Thursday, 13 April 2017

Making sense of some experiences at the British Museum

I’m writing this in the British Museum, ahead of a meeting with a colleague near Russell Square later this afternoon, sitting in the Members’ Room at a window table in the café overlooking the Great Court. It was a funny experience coming here, from Euston Square station down Gower Street then Malet Street. I’d decided not to make my regular visit to Jeremy Bentham at UCL because otherwise doing this might turn into a pilgrimage, but I couldn’t have in any case as access was being controlled to the University forecourt. Then I got to Senate House to hear the fire alarm and see the building evacuated. I queued to get into the BM and then headed for the Greek and Roman Architecture room which was open today – it sometimes isn’t. And as I’ve found previously it’s had to put the experience of visiting the room into words. It’s neglected – most bibliography on the explanatory cards is from the late 19th century, when the text was written
I suppose. The most up-to-date reading item that I saw was from 1970. The captions are faded, the artefacts are assembled as educational pieces – though if someone went in now wanting to learn about architectural styles they wouldn’t be able to read the general information board on the Ionic type as this has entirely faded away. This is all in contrast to the bright white of the Great Court I’m looking down over.  But down in the Architecture gallery, it’s possible to encounter ancient religious sites close at hand though the artefacts feel sanitised by being lumped together. But I think it would be possible to do what one could not at an ancient site, or in the Parthenon Gallery, namely to have a direct encounter with the Erechtheion or the temple of Athena Nike, say, by reaching out and touching one of its stones.

I spent some time looking at a coffer, originally part of the ceiling of the north porch of the Erechtheion. Then I looked particularly at a pedestal, probably for a bronze statue in the precinct of the Athena Polias temple at Priene, especially at its palmettes. It’s been at the Museum at least since 1870 because that date appears in the accession number (1870.3.30.111). The pedestal was probably for a bronze statue according to the information label. I wonder who the statue was of.

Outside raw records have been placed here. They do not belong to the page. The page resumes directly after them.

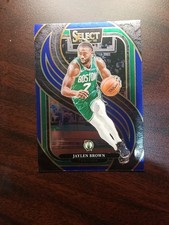 2024-25 Panini Select #146 Jaylen Brown Blue (Retail)
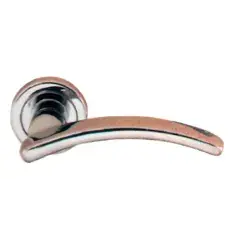 Achat Immédiat Ensemble béquille sur rosace BLUE laiton chromé – CADAP – 001212-4V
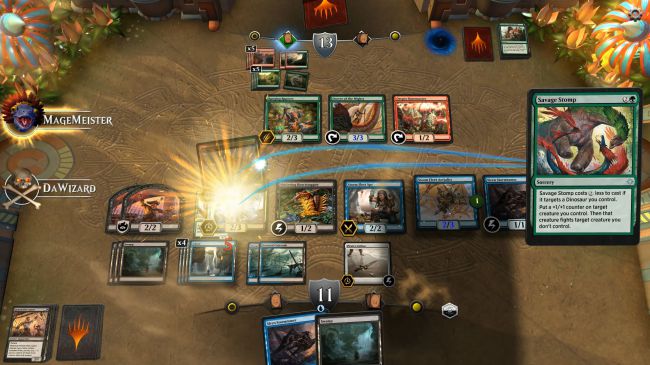 Magic: The Gathering Arena developers explain how it will hand out the cards
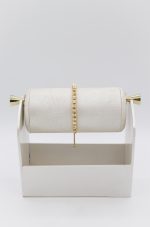 دستبند کراواتی البرناردو زرد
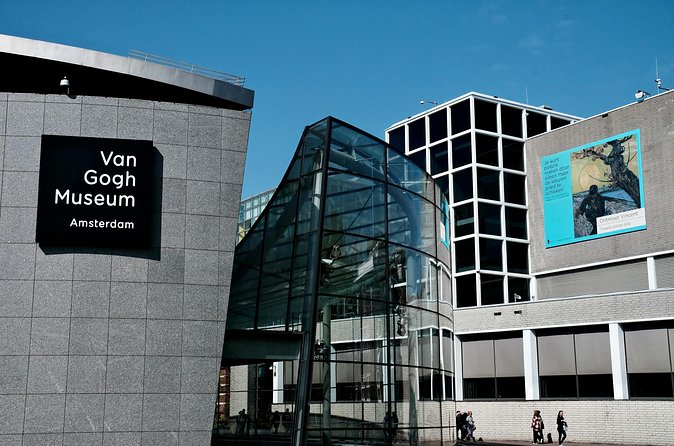 Van Gogh Museum Amsterdam Entry with Optional Audio Guide - Lockers, Bags, and Getting Through Faster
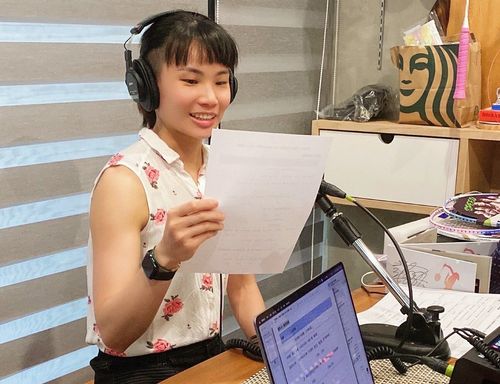 戴資穎「獻聲」初體驗　只要搭乘這家航空就能聽到她的聲音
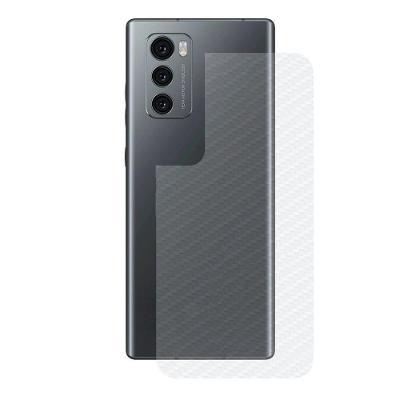 Película Para Lg Wing - Traseira De Fibra De Carbono - Gshield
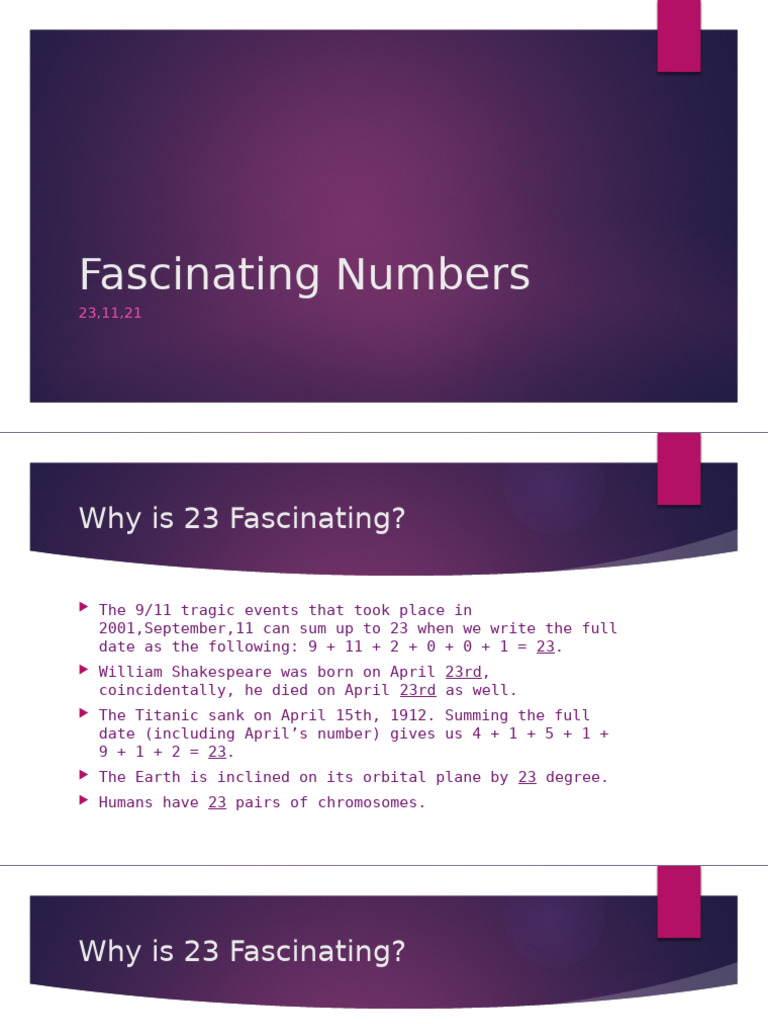Fascinating Numbers | PDF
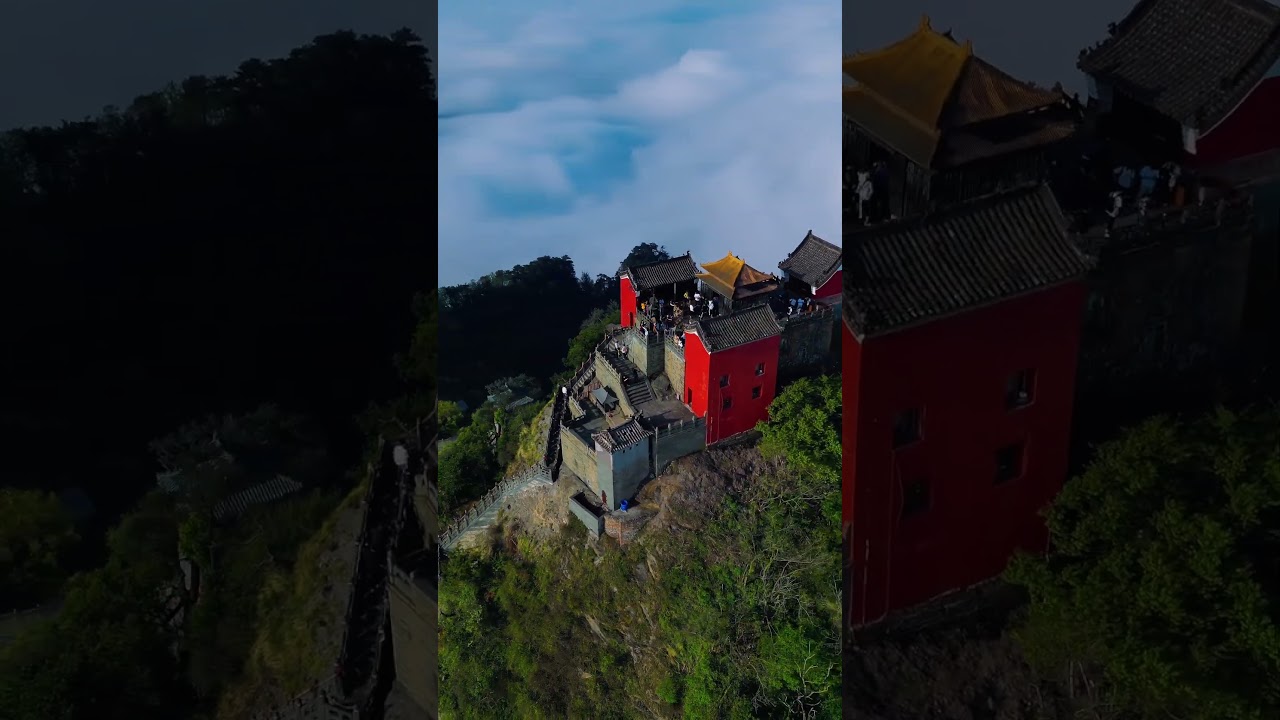 📍Hubei | In Search of the Way: Wudang Mountain ☯️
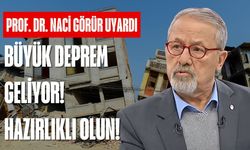 Prof. Dr. Naci Görür'den korkutan uyarı: Büyük deprem olacak!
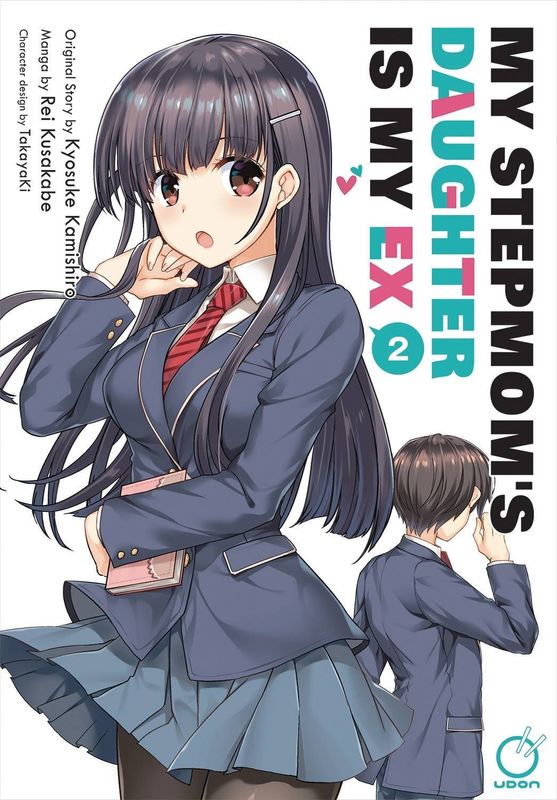 MY STEPMOMS DAUGHTER IS MY EX GN VOL 02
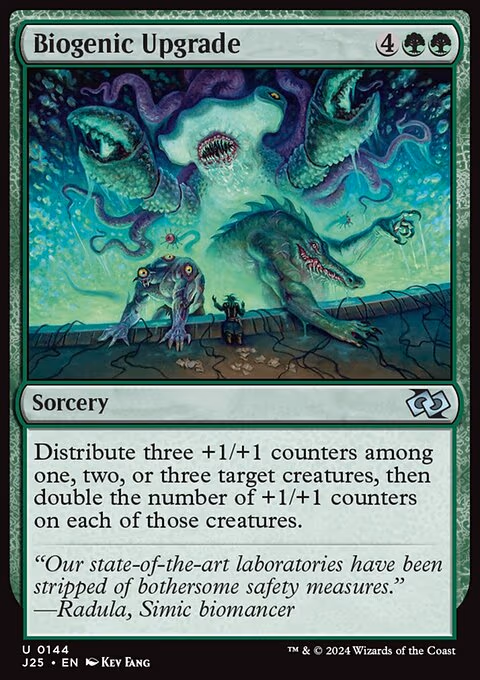 Biogenic Upgrade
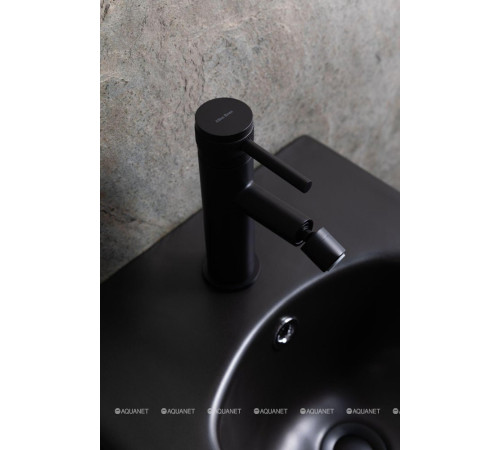 Биде подвесное Allen Brau LIBERTY 2 518x367 мм черный матовый 4.33010.31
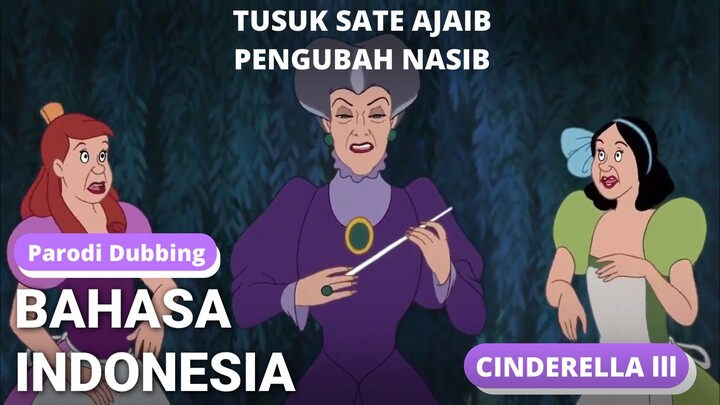 REBUTAN PANGERAN AGUS🤣•PARODI DUBBING CINDERELLA lll 3•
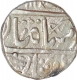 Silver One Rupee Coin of Jodhpur State.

I think that I shall bring students here next term in a session for my Athena module. We could start here with the Priene temple and the various bits of the Erechtheion and Nike temples. We could then walk upstairs, through Halikarnassos, past the Athena amphora in one of the cases, past the Caraytid, to end up in the Parthenon Gallery – this seems a more suitable, quieter and reflective route to the Parthenon than what might be a more usual, more well-travelled one which takes the visitor through the Great Court,then Assyria and Egypt. If this session comes off, I'll blog on it.